**WHAT TO WORK ON**
Every entry needs to be written out again exactly, with its pictures removed.

RECORDS FOR THIS TASK: Begin

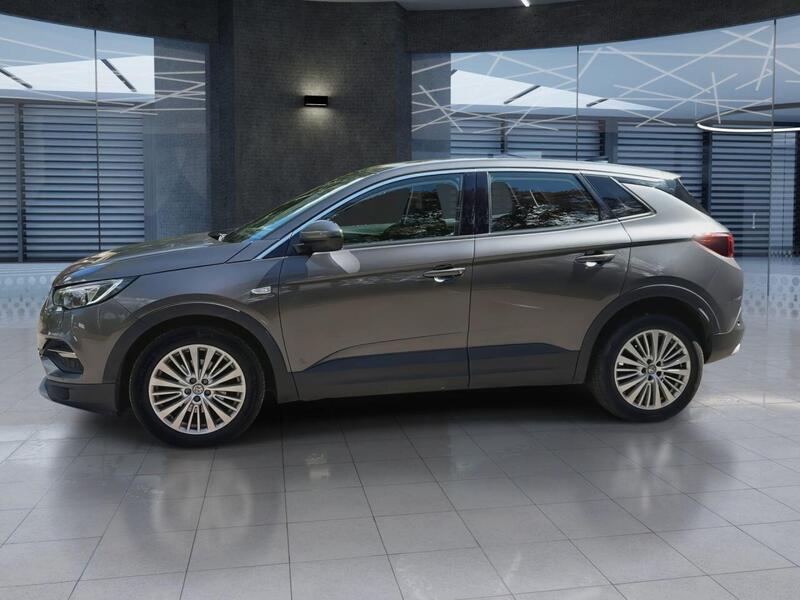 Vauxhall Grandland X view 4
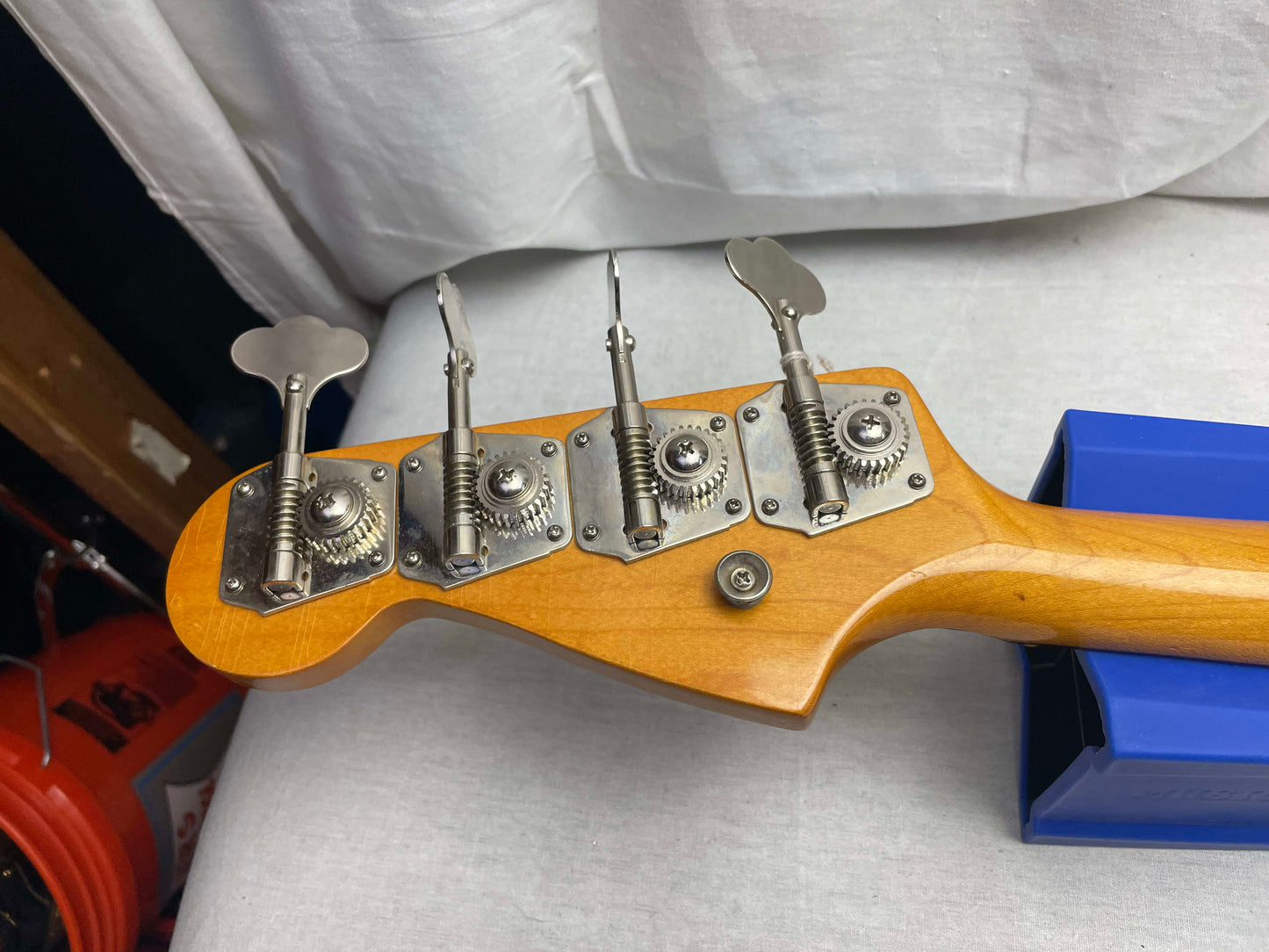 Fender American Jazz Bass '62 Reissue 4-string J-bass with Case 1989 - s/n V042407 with 1982 or 1988 Harness - Candy Apple Red / Rosewood fingerboard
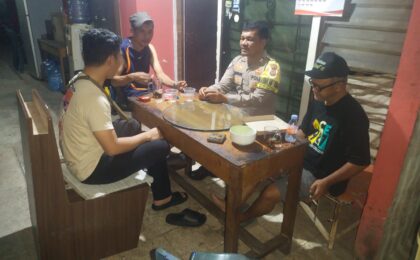 Patroli Dini Hari Polsek Jatisampurna Sambangi Pos Satkamling Kp. Pondok Ranggon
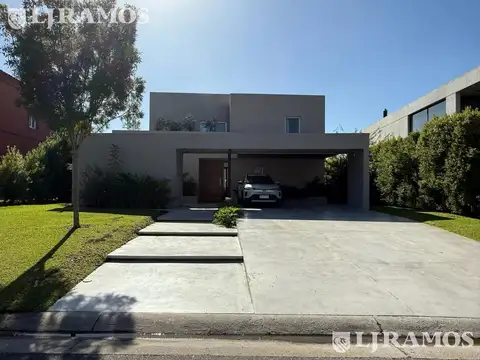 Casa en Venta con 6 cocheras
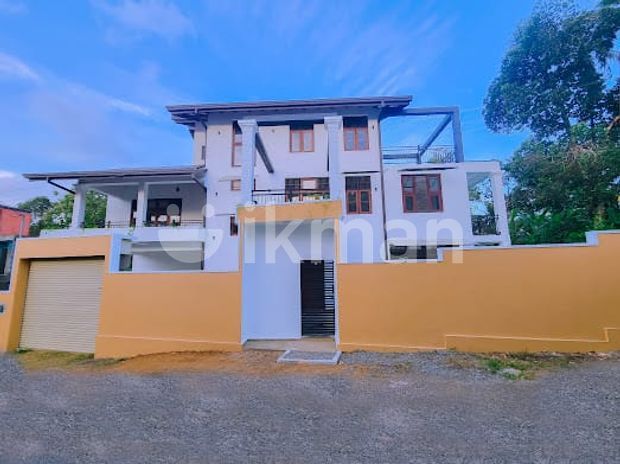 Brand new Modern 03 story House For Rent in Kadawatha, Gampaha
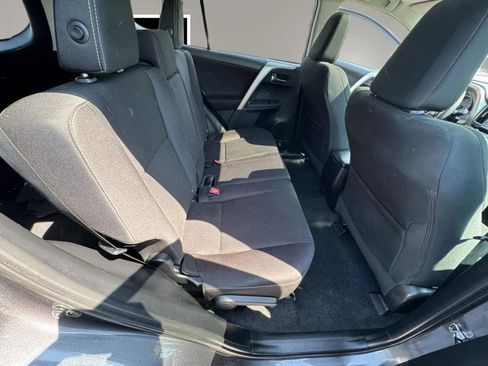 Used 2014 Toyota RAV4 XLE AWD/4WD image 16
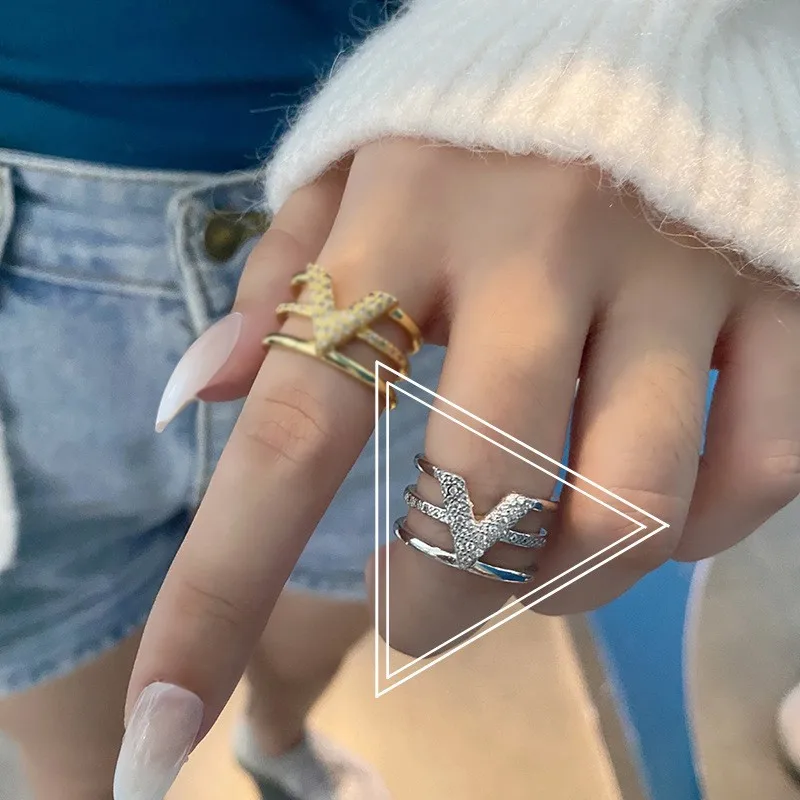 LIVVY موضة فضية اللون على شكل حرف V ثلاث طبقات الز...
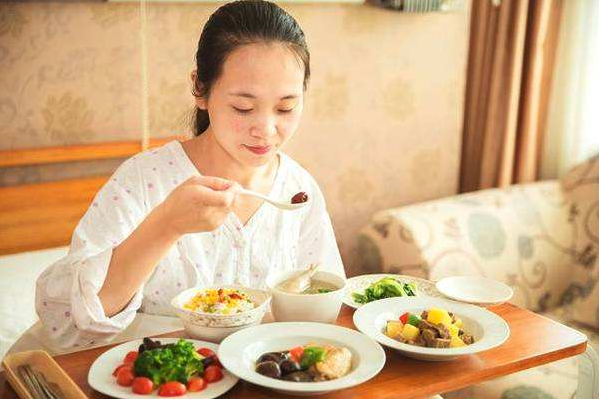 宝妈坐月子有没有必要请月嫂还是自己婆婆照顾?和婆婆会不会产生分歧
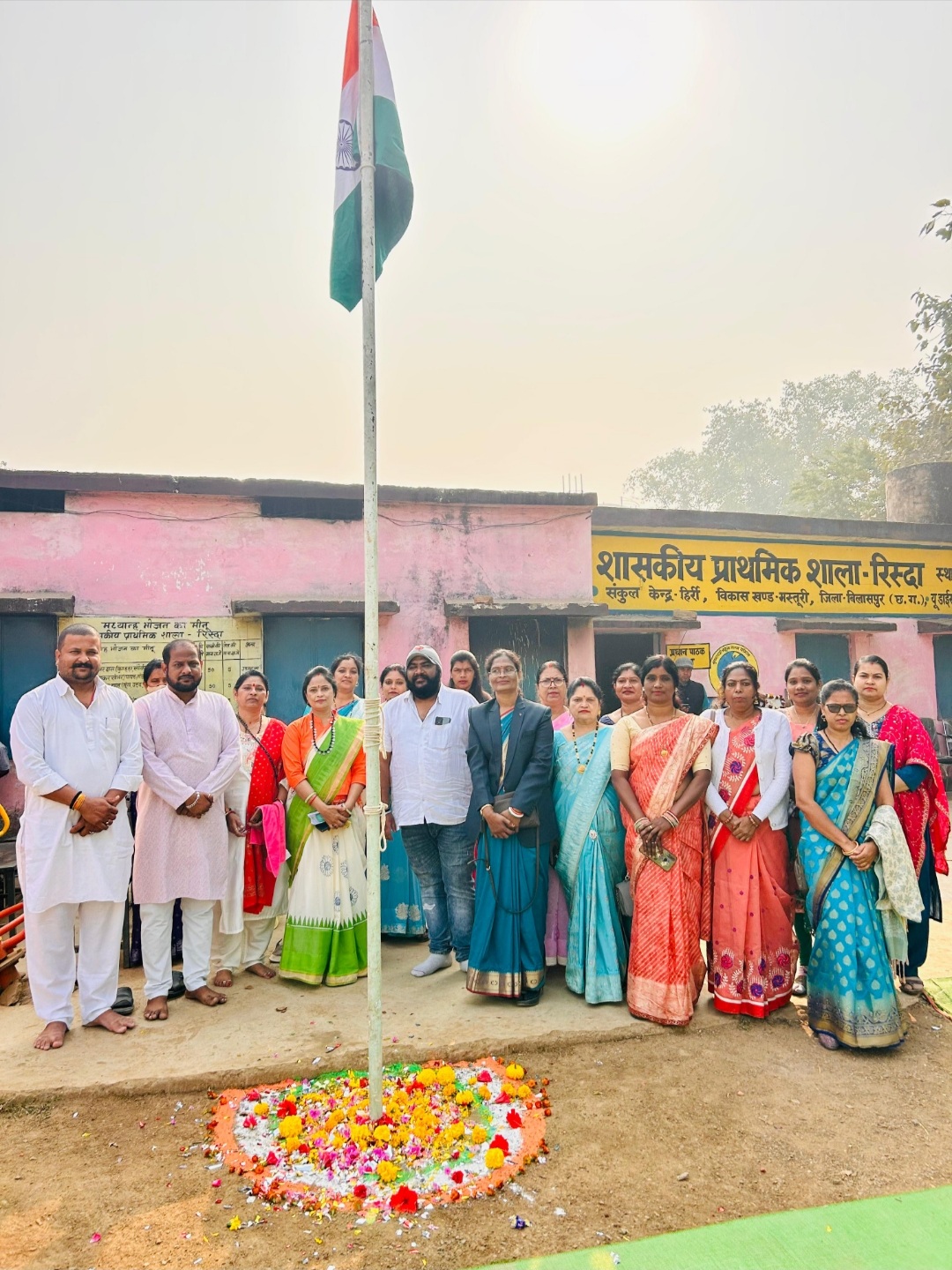 77वे गणतंत्र दिवस के अवसर पर शांता फाउंडेशन ने पंच, सरपंच एवं जनपद सदस्य के साथ रिसदा में किया ध्वजारोहण,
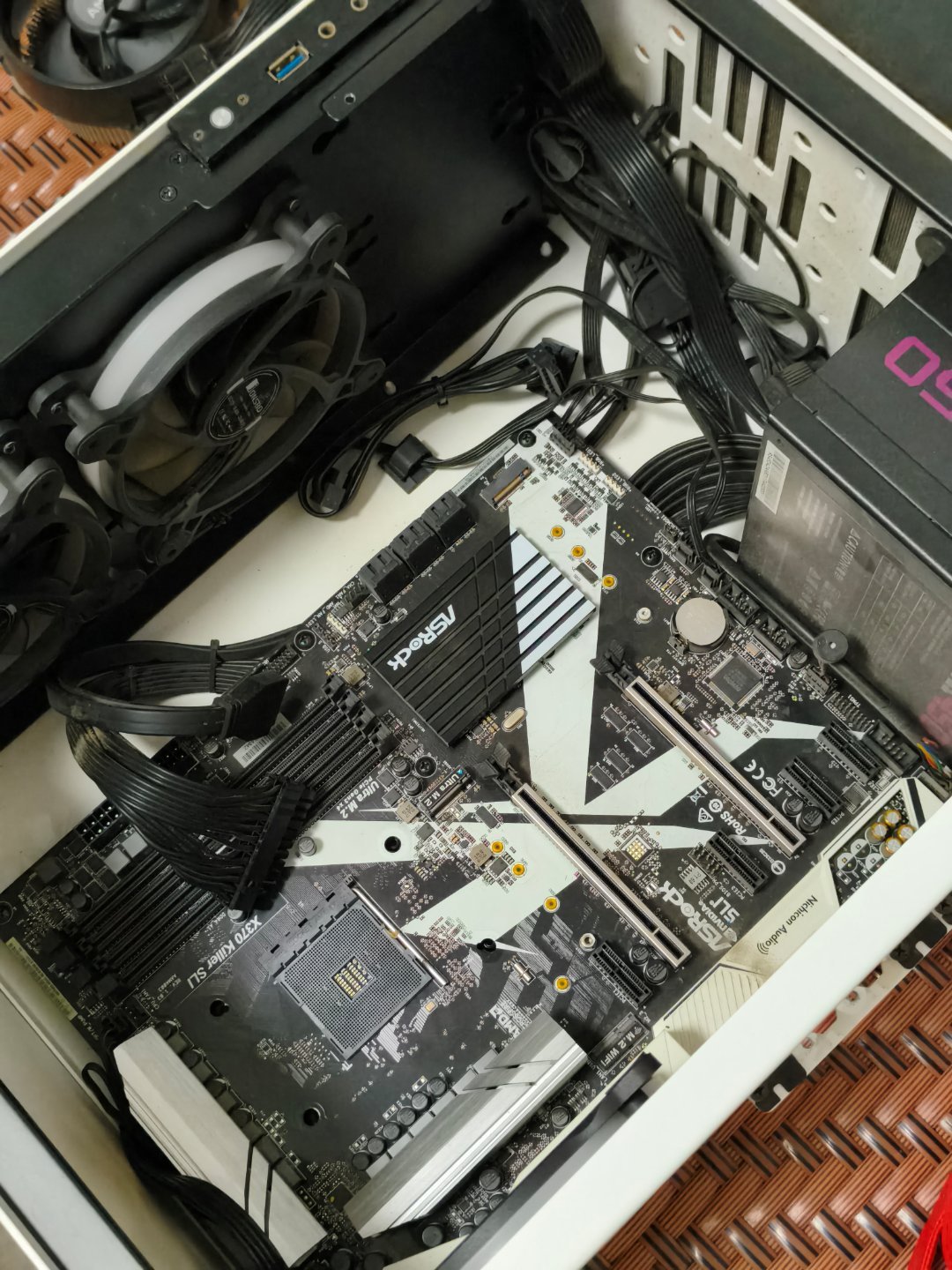 表弟电脑说是久了没开开不起了，拿给他爸爸。电脑15600x8gx22060super当时矿难后100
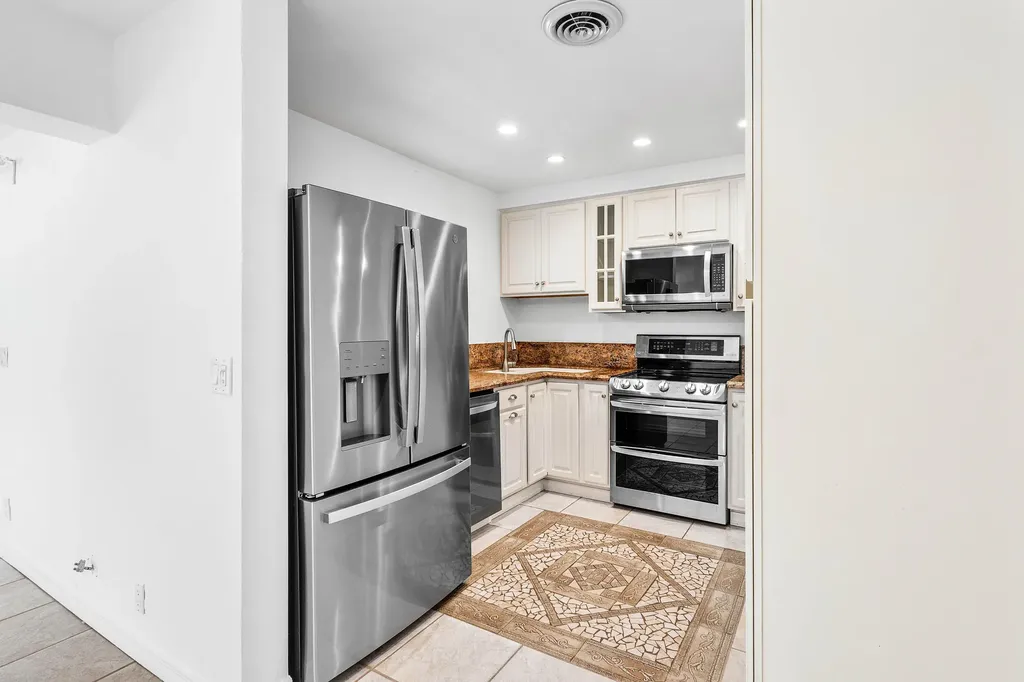 2100 NE 4th Avenue Boca Raton FL 33431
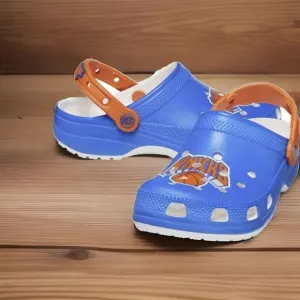 Crocs NBA New York Knicks Classic Clogs Mens Size 9 Women Size 11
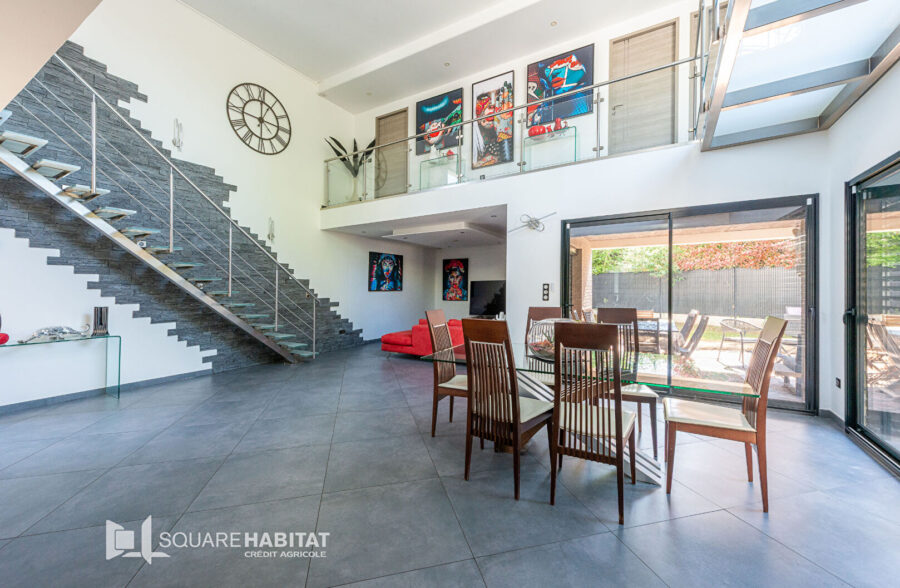 MAISON CUBIQUE INDIVIDUELLE DE 230 M² AVEC GARAGE  Sous compromis 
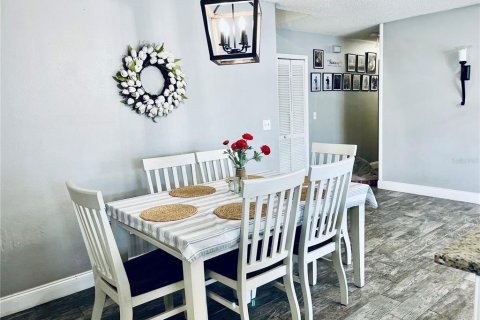 Casa en venta en Kissimmee, Florida, 3 dormitorios, 122.07 m2 № 1919021 - foto 4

RECORDS FOR THIS TASK: End

**TASK RESULT**
 Vauxhall Grandland X view 4
 Fender American Jazz Bass '62 Reissue 4-string J-bass with Case 1989 - s/n V042407 with 1982 or 1988 Harness - Candy Apple Red / Rosewood fingerboard
 Patroli Dini Hari Polsek Jatisampurna Sambangi Pos Satkamling Kp. Pondok Ranggon
 Casa en Venta con 6 cocheras
 Brand new Modern 03 story House For Rent in Kadawatha, Gampaha
 Used 2014 Toyota RAV4 XLE AWD/4WD image 16
 LIVVY موضة فضية اللون على شكل حرف V ثلاث طبقات الز...
 宝妈坐月子有没有必要请月嫂还是自己婆婆照顾?和婆婆会不会产生分歧
 77वे गणतंत्र दिवस के अवसर पर शांता फाउंडेशन ने पंच, सरपंच एवं जनपद सदस्य के साथ रिसदा में किया ध्वजारोहण,
 表弟电脑说是久了没开开不起了，拿给他爸爸。电脑15600x8gx22060super当时矿难后100
 2100 NE 4th Avenue Boca Raton FL 33431
 Crocs NBA New York Knicks Classic Clogs Mens Size 9 Women Size 11
 MAISON CUBIQUE INDIVIDUELLE DE 230 M² AVEC GARAGE  Sous compromis 
 Casa en venta en Kissimmee, Florida, 3 dormitorios, 122.07 m2 № 1919021 - foto 4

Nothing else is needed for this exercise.